Después, ya en casa y sin desdibujarse de mis labios una sonrisa de medio lado, lo primero que sentí al beberlo fueron los recuerdos. Recuerdos de un tipo de vino al que unos años atrás me acercaba a menudo, pero que ya hace tiempo que tenía abandonado. Recuerdos, como todos los recuerdos, que estremecen y te transportan a algún momento del pasado, aunque ya no quieras hacerlo.
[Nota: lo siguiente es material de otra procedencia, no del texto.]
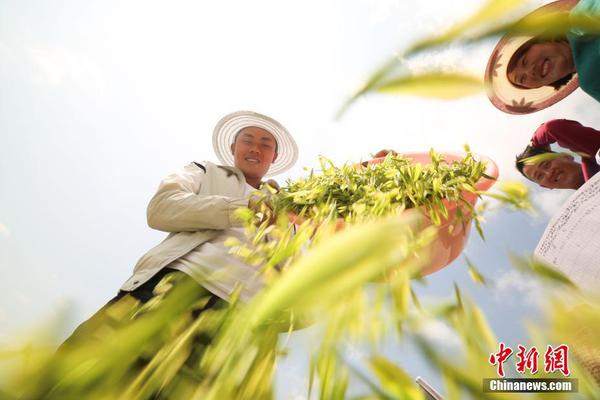 深圳品茶最好的地方 _ 233乐园,深圳哪里品茶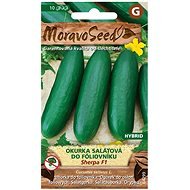 MORAVOSEED Fóliás saláta uborka SHERPA F1 - hibrid - Vetőmag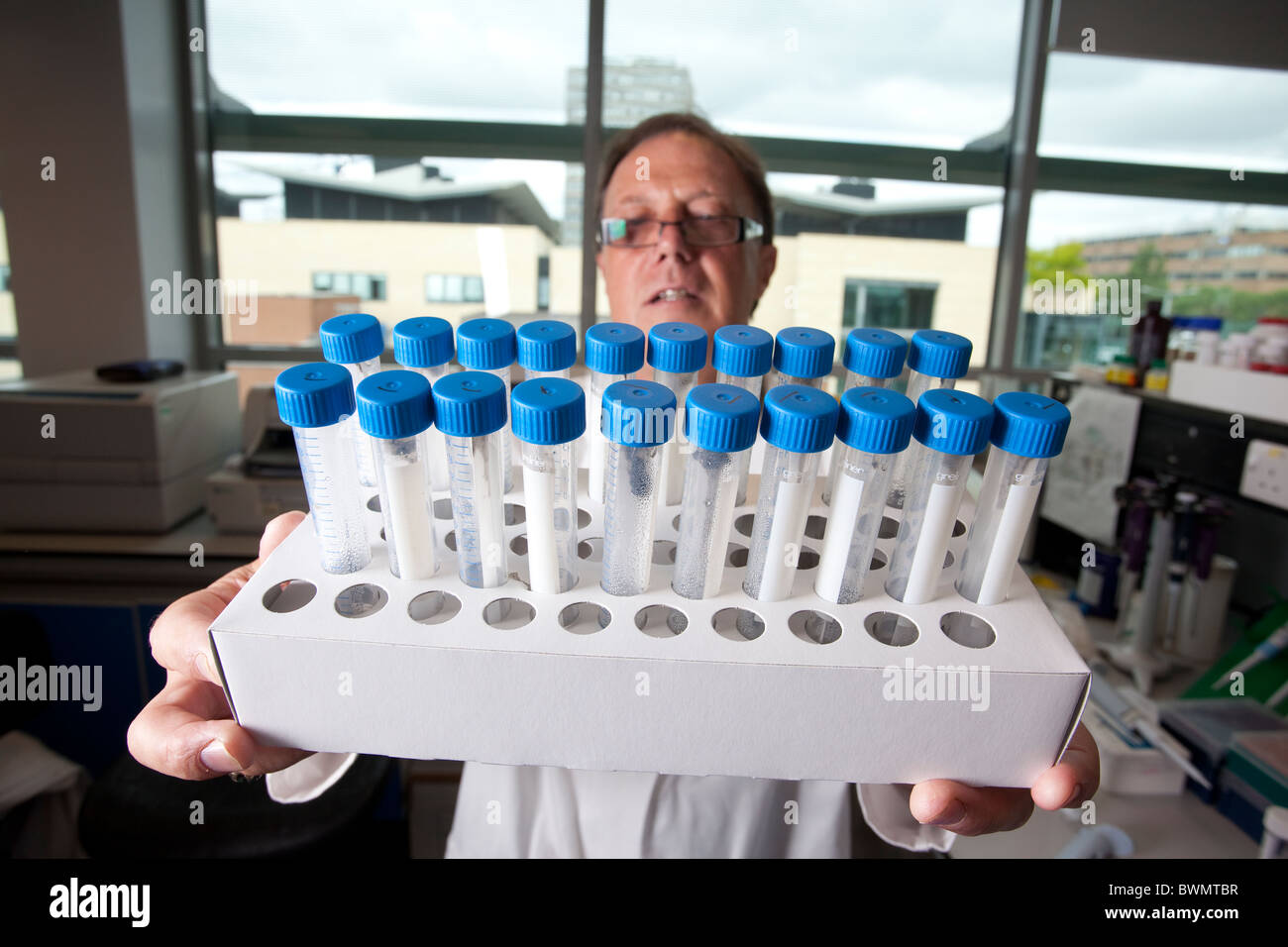 El Profesor David Prichard espécimen científico cápsulas conteniendo el parásito anquilostomiasis Universidad de Nottingham. Foto:Jeff Gilbert Foto de stock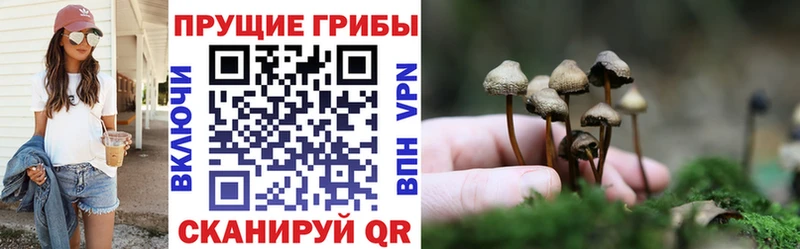 Псилоцибиновые грибы Psilocybe  Борисоглебск 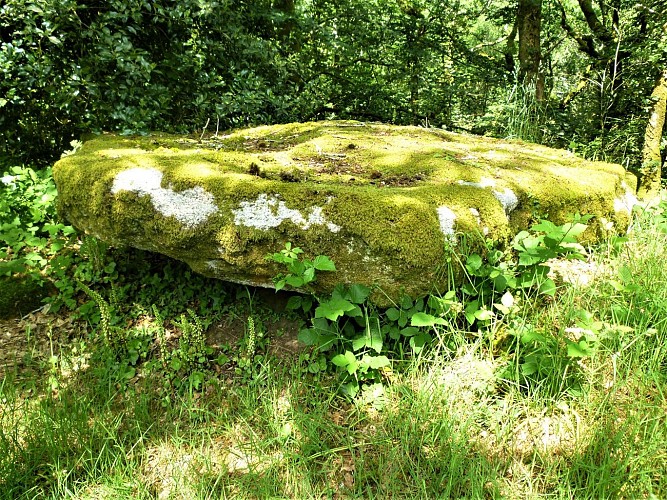 image du object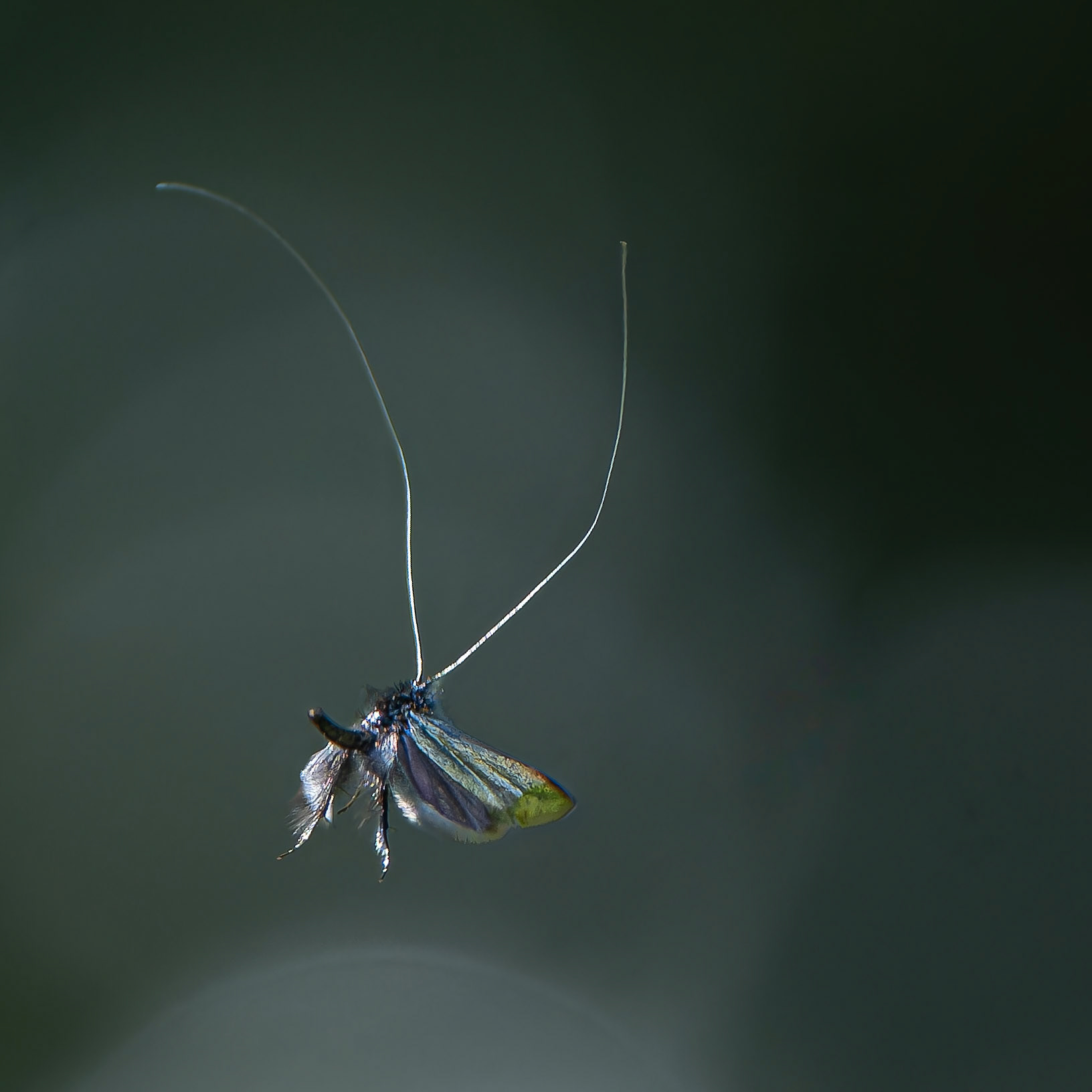 Adèle verdoyante - Adela reaumurella - Green longhorn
Leve en la nariz, muy sabroso al llegar a la boca, cremoso y algo lácteo, lleno de regaliz negro y acidez refrescante. Luego, se demora en la nariz largo tiempo, más quizá que en la boca, donde su intensidad amaina rápido tras la primera exhalación, como una borrasca arrepentida sobre el mar, dejando en la lengua un final muy suavemente amargo.

Amo el mar, mi mar, mar en calma al fin tras toda una vida de tormentas. Amo mirar embobado su movimiento sinuoso, buscando a lo lejos un velero inmóvil, oler su aroma profundo a rocas y pescado, escuchar el sonido de su agitación nerviosa, sentir su aliento fresco en mi rostro y saborear su sabor salado de sudor y lágrimas. Y, al fin, meterme despacio en su interior mojado, muy despacio, hasta llegar al fondo, donde ya no hay vuelta atrás para respirar una vez más.

Y sabiendo todo esto, tú, precisamente tú… ¿me preguntas, sorprendida y sonriendo, que por qué amo tanto el mar?